▶ The problem
In the copy, include exactly the lines from the one with "6900 US-278, Barnwell, SC 29812 - Photo 1" through the end of the data and no others, both ends kept, with every picture left out.

▶ Provided data
=====
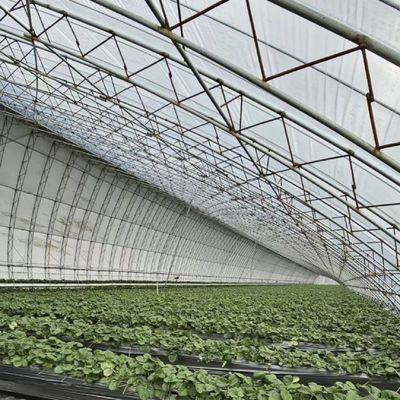 Стоимость доставки и расчетный срок доставки для коммерческой гидропонной семенной теплицы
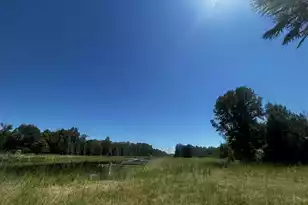 6900 US-278, Barnwell, SC 29812 - Photo 1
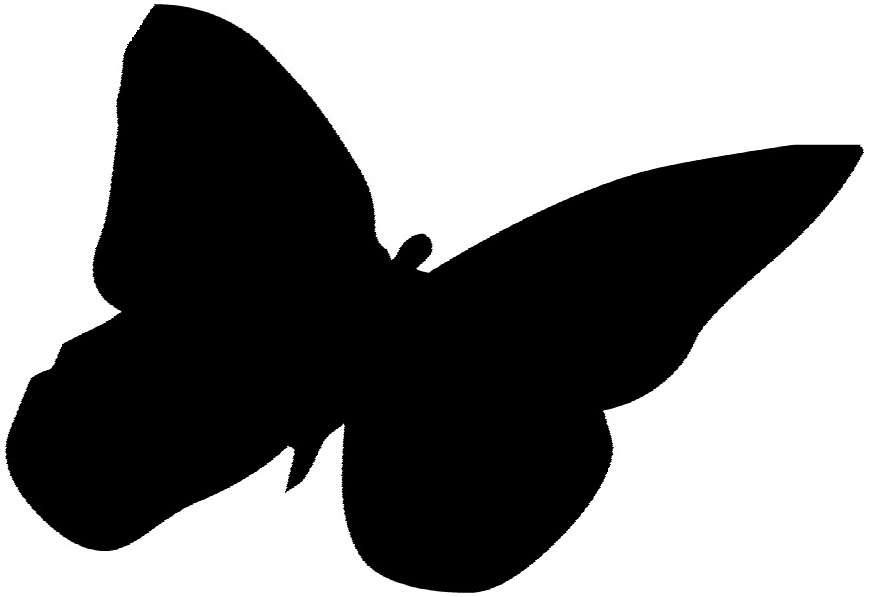 Butterfly Silhouette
=====
▶ Written solution
 6900 US-278, Barnwell, SC 29812 - Photo 1
 Butterfly Silhouette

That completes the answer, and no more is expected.